Geçen yıl da yazmıştım. Aselsan'da birbiri ardına intihar eden (ya da ettirilen) genç mühendislerin sırrının mutlaka aydınlatılması gerektiğini söylemiştim. Zira bir yıl içinde tam 4 pırıl pırıl mühendis, aynı şekilde ölmüştü. atv'nin yeni haber programı Deşifre bu hafta Aselsan olayını mercek altına aldı. Ölen mühendislerin aileleriyle konuştu. Hiçbiri oğullarının intihar ettiğine inanmıyordu. İşin kuşku yaratan bölümü, 4 mühendisin de Türk Silahlı Kuvvetleri açısından son derece "hayati" projelerde görev alıyor olmalarıydı. Biri F16 uçaklarının savunma sistemleriyle ilgili müthiş projenin yaratıcısıydı. Diğeri, üretilmesi planlanan ilk Türk tankının kumanda sistemi üzerinde çalışıyordu. Biri, tam da projesinin sunumunu yapacağı günlerde otomobilinde ölü bulunmuş, projenin bulunduğu çanta ise buhar olmuştu. Acılı annelerden biri, oğlunun Aselsan'da ne iş yaptığını bir türlü öğrenememişti. Oğlu her seferinde "Devlet sırrı anne" deyip, geçiştirmişti. Nihayet bir gün şöyle demişti annesine: "Çoğu devlet sırrı bir parmağımın ucunda anacığım..." İçlerinden biri bilgisayarında veda mektubu yazmıştı. Ama mektupta yer alan 4 Ağustos 2008 tarihinde işyerine hiç gitmemiş, bilgisayarını açmamıştı... Bir diğerinin ölmeden önceki iki günlük telefon görüşme kayıtları silinmişti. Ölümleri inceleyen Adli Tıp Kurumu'nun uzman kurulundan 7 üye "intihar" derken, 3 üye ise karara muhalefet şerhi koyup, "cinayet olabilir" demişti. Aselsan mühendislerinin sır ölümleri Ergenekon iddianamesindeki bazı telefon konuşmalarına da konu olmuş, Silivri'de tutulan eski bir Adli Tıp uzmanı, arkadaşına "Bu olaylardan en az bir tanesi kesin cinayet. Bunu zaten biliyorlar" demişti. Peki elektromanyetik dalgalar kullanılarak, insanların ruh sağlığının bozulması, intihara sürüklenmeleri olası mıydı? Bir uzman psikolog bunun pekala mümkün olabileceğini, bu konuda dünya üzerinde çalışmalar ve belgeye dayalı sunumlar bulunduğunu söylüyordu. Yani, neresinden bakarsanız bakın, bu 4 esrarengiz ölümün üzerinde bir "kuşku bulutu" dolaşıyor. Aileler, sırın aydınlatılması için yalvarıyor. Deşifre programı "deşifre" ediyor. Dünyanın başka yerinde olsa yer yerinden oynar. Bizim kılımız kıpırdamıyor...

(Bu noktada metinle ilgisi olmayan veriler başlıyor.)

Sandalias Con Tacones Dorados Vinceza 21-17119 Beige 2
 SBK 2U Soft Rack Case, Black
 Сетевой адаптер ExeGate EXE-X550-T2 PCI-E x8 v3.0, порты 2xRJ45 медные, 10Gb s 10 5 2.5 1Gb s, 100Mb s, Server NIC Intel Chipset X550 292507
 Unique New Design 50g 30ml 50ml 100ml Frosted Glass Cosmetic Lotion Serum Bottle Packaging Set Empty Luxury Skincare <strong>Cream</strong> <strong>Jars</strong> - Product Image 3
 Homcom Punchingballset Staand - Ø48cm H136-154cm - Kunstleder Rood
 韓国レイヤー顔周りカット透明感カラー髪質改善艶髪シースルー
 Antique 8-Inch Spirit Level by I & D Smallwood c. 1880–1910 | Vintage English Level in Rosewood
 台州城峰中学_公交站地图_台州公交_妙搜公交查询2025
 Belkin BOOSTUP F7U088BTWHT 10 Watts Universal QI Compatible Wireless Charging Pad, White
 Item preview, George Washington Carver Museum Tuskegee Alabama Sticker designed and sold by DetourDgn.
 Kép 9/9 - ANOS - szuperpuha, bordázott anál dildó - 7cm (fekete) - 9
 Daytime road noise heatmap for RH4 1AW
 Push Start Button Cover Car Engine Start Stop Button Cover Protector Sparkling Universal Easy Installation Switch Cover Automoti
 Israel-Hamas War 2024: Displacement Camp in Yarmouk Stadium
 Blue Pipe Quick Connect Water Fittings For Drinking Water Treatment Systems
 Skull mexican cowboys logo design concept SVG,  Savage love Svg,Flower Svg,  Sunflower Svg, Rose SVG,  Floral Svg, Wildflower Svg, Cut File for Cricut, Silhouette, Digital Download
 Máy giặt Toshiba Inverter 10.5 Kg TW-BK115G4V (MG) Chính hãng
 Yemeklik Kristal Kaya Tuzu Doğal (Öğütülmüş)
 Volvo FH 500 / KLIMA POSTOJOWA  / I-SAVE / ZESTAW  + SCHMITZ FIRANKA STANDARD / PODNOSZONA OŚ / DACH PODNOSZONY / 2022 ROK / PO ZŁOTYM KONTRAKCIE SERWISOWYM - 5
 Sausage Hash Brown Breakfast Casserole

Yasal Uyarı: Yayınlanan köşe yazısı/haberin tüm hakları Turkuvaz Medya Grubuna aittir. Kaynak gösterilse dahi köşe yazısı/haberin tamamı özel izin alınmadan kullanılamaz.
Ancak alıntılanan köşe yazısı/haberin bir bölümü, alıntılanan habere aktif link verilerek kullanılabilir.
Ayrıntılar için lütfen
tıklayın
Bugünkü Tüm Yazıları
Şüpheli ölümler nasıl "Deşifre" oldu?
Yayın tarihi: 2 Nisan 2009, Perşembe
Web adresi: https://www.sabah.com.tr/2009/04/02/gny/aytug.html
Tüm hakları saklıdır.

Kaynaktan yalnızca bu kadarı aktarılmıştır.